Welch turned GE upside down The message was clear. Succeed in the market place or you are out of a job. He began to challenge the very basis of employment and the security it brought. “Companies can’t give job security only customers can”, he said. The book not only spotlights GE’s successes but also the failures. But one aspect that Welch brought into GE as a policy was to be honest. There are examples of how GE admitted mistakes, which rather than erode public confidence strengthened them.
Fortune magazine (1989) described the 6 rules of Welch, which are relevant even today. They are:
• Control your destiny, or someone else will
• Face reality as it is, not as it was or as you wish it were
• Be candid with everyone
• Don’t manage, lead
• Change before you have to
• If you don’t have a competitive advantage, don’t compete.
The book describes in great detail what Welch did to transform GE. But the dampener many will state is, “We don’t have a Jack Welch with us.”
Bull, say the authors. Every company has its Jack Welch, most likely several of them.
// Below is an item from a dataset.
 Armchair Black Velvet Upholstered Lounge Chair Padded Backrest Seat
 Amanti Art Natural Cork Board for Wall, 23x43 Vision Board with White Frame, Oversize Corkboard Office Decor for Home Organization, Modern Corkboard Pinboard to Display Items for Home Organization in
If no forceful changemaker has made his or her own way into the higher echelons of management, that can only be because corporate politics have blocked the way. The authors’ advice is to look harder and you’ll find the person your business needs to meet the challenges of the 21st century.
But the best part of the book is reserved for the last, where there is an opportunity for readers to see whether they can be revolutionary in their attitude to transform things and shape events and tread on roads that takes one towards history. Its called the handbook for revolutionaries and is well worth studying.
The latest edition of the Oxford Advance Learner’s Dictionary has 63,000 references, 90,000 examples and includes 2800 new words. The last edition was printed in 1989.
But what is fascinating is to refer the 2351 entries of Indian English, to assist readers to understand the differences between British English and Indian English. They are relevant to us too, with familiar words like Ayah, but here are a few examples from the dictionary:
Become (n) To begin to be. Eg. She became happy when she heard of the birth of the nephew.
Bell bots (n) For Bell-bottom trousers.
Bhikshu (also Bhikku) (n) A Buddhist monk who lives by begging.
Black (n) Using illegal means Eg. I paid very little for this bottle of gin which I bought in black.
Booth capturing (n) The action of taking control of a building. where people go to vote, by a political group in order to produce a result to their advantage.
Buck (n) A rupee, also Chip.
Chee cheer: (interj) An expression of disgust.
Cheez (n) A sexually attractive person. Eg. His new girl friend is quite a cheez, isn’t she?
Chums (n) Menstruation. Eg She’s got her chums.
Chutia (n) A stupid person; a fool. Eg. Stop being such a stupid chuttia, yar?
Co son-in-law (n) Used of men married to sisters.
Delhi belly (n) A stomach dis order
Dishum dishum (n) fighting. Eg. A hollywood thriller with a lot of dishum dishum.
Goonda (n) A person who is hired to commit crimes or behaves violently.
Hungama (n) A lot of noise and shouting; an uproar. (Wonder if this is from Sri Lanka?)
Pariah (n) A person of low caste or status. Eg. Freelancers are the real pariahs of journalism; nobody pays them on time or enough.
Poodle faker (n) A European having affairs with several women at the same time.
Pukka (n) Permanent strong
Rice Christian (n) An Indian who adopted Christianity because of the material advantage he or she could get by doing so rather than for religious reasons.
Speed Money (n) A bribe given to make sure that one gets quick service
Tele-teasing (n) The practice of making offensive or threatening telephone calls, usually without giving one’s name.
Transcreation (n) Creative translation seen as producing a new version of the original work
Zabardast (adj) forced, cruel. Eg. He made her get into his car just zabardast.
Zabardast: attractive. Eg. She is a zabardast-looking woman.